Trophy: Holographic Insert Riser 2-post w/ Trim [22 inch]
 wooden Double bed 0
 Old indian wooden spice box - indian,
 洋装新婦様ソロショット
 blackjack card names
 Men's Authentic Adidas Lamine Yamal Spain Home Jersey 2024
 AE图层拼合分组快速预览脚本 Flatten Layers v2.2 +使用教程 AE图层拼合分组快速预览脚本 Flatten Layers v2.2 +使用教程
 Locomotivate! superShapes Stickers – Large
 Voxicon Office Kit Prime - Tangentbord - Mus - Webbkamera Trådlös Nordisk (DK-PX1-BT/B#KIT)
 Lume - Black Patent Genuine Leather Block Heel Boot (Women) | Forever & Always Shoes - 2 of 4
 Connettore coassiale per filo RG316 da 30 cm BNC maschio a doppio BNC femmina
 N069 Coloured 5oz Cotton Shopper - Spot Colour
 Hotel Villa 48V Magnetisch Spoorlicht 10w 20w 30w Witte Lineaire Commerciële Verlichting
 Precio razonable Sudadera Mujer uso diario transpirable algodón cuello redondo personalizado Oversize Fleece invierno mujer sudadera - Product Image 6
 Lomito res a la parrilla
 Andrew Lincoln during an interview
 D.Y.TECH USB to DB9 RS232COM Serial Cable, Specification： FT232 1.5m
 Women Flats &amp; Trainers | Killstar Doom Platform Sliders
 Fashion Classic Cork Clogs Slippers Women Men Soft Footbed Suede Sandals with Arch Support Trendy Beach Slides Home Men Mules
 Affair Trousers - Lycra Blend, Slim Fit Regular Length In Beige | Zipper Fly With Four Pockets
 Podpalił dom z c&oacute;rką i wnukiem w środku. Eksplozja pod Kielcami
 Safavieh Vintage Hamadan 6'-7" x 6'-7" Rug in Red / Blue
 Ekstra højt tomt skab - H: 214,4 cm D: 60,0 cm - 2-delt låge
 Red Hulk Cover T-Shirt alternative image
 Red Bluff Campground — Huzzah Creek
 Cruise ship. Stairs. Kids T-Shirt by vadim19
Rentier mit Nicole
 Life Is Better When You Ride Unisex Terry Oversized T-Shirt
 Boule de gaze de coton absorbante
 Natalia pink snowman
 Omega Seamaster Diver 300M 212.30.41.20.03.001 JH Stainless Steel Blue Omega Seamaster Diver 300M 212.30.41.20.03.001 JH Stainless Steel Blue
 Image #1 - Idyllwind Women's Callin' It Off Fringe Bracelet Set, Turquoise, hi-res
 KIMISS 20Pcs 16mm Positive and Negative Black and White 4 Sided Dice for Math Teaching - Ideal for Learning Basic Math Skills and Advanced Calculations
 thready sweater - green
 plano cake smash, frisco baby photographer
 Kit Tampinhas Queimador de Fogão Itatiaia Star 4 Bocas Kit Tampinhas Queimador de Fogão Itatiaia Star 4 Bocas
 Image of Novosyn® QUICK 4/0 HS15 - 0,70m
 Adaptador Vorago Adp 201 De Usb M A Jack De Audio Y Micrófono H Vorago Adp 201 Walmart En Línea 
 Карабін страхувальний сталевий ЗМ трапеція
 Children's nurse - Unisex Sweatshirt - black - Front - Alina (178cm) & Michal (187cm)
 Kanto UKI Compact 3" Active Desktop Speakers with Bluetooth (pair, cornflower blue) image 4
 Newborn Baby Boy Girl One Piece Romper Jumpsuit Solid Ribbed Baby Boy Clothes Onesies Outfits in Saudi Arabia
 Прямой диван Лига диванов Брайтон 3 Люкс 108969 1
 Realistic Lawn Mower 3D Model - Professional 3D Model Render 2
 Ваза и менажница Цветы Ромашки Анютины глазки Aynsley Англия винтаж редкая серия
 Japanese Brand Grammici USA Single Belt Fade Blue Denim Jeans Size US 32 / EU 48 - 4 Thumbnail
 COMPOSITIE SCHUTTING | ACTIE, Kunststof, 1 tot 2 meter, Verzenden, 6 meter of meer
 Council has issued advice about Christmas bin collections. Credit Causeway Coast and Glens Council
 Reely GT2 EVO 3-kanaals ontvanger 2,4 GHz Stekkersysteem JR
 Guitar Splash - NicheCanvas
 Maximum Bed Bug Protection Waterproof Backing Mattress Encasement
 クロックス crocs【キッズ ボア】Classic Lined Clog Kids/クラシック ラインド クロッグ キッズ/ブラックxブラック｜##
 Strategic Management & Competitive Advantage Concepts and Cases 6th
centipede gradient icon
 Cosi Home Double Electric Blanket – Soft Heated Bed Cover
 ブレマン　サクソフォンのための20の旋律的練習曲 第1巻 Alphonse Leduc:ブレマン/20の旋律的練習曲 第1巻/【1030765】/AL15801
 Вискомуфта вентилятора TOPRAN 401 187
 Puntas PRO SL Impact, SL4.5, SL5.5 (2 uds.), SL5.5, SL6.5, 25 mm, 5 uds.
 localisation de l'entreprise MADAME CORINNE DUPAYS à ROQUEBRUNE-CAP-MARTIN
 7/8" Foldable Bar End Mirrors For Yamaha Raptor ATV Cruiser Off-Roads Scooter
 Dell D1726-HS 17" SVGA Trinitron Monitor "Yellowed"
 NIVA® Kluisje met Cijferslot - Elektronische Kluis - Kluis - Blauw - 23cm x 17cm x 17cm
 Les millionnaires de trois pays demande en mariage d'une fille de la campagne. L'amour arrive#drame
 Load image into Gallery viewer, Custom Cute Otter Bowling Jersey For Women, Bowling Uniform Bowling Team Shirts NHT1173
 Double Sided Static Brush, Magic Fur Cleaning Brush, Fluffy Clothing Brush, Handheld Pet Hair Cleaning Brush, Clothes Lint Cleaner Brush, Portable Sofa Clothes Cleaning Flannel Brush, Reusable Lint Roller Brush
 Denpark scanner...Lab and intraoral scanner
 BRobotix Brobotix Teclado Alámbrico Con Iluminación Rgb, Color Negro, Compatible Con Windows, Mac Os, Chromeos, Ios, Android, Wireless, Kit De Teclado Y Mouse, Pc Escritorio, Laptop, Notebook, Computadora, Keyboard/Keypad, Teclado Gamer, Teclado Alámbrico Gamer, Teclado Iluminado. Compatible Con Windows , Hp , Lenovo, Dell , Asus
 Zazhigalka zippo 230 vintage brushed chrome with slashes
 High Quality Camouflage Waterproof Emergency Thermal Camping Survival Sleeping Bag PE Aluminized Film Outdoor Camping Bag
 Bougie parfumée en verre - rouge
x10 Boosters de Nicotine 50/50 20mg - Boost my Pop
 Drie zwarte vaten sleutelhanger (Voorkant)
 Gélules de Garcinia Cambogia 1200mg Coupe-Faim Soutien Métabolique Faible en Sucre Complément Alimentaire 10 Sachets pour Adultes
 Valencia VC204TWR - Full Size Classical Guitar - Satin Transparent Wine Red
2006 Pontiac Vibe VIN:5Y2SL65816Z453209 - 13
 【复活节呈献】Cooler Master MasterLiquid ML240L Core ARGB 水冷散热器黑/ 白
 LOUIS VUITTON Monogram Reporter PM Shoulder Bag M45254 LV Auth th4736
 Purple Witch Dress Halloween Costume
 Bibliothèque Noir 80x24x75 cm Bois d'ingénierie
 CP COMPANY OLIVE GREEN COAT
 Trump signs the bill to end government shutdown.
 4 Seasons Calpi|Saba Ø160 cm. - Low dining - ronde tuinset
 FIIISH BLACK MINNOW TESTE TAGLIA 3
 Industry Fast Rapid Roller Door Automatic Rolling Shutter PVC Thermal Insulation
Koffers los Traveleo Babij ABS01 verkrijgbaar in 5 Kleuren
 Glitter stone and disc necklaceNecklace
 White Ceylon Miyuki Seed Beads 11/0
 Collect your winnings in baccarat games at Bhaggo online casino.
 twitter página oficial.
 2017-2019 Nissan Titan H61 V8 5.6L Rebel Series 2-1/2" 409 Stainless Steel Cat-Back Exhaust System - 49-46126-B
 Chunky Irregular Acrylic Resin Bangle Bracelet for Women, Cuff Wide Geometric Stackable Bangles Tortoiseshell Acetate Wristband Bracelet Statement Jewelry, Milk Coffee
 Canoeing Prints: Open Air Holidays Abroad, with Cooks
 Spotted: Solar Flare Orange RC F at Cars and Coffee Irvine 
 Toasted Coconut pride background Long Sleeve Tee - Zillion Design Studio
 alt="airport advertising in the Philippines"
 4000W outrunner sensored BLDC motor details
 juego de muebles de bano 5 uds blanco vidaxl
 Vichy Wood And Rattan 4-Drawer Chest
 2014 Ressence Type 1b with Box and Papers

------------------------------------

• **What the exercise asks**:
Send back an exact copy of only the lines from the line with "Men's Authentic Adidas" up to and including the line with "Women Flats &amp;" in the data above.

• **Final answer**:
 Men's Authentic Adidas Lamine Yamal Spain Home Jersey 2024
 AE图层拼合分组快速预览脚本 Flatten Layers v2.2 +使用教程 AE图层拼合分组快速预览脚本 Flatten Layers v2.2 +使用教程
 Locomotivate! superShapes Stickers – Large
 Voxicon Office Kit Prime - Tangentbord - Mus - Webbkamera Trådlös Nordisk (DK-PX1-BT/B#KIT)
 Lume - Black Patent Genuine Leather Block Heel Boot (Women) | Forever & Always Shoes - 2 of 4
 Connettore coassiale per filo RG316 da 30 cm BNC maschio a doppio BNC femmina
 N069 Coloured 5oz Cotton Shopper - Spot Colour
 Hotel Villa 48V Magnetisch Spoorlicht 10w 20w 30w Witte Lineaire Commerciële Verlichting
 Precio razonable Sudadera Mujer uso diario transpirable algodón cuello redondo personalizado Oversize Fleece invierno mujer sudadera - Product Image 6
 Lomito res a la parrilla
 Andrew Lincoln during an interview
 D.Y.TECH USB to DB9 RS232COM Serial Cable, Specification： FT232 1.5m
 Women Flats &amp; Trainers | Killstar Doom Platform Sliders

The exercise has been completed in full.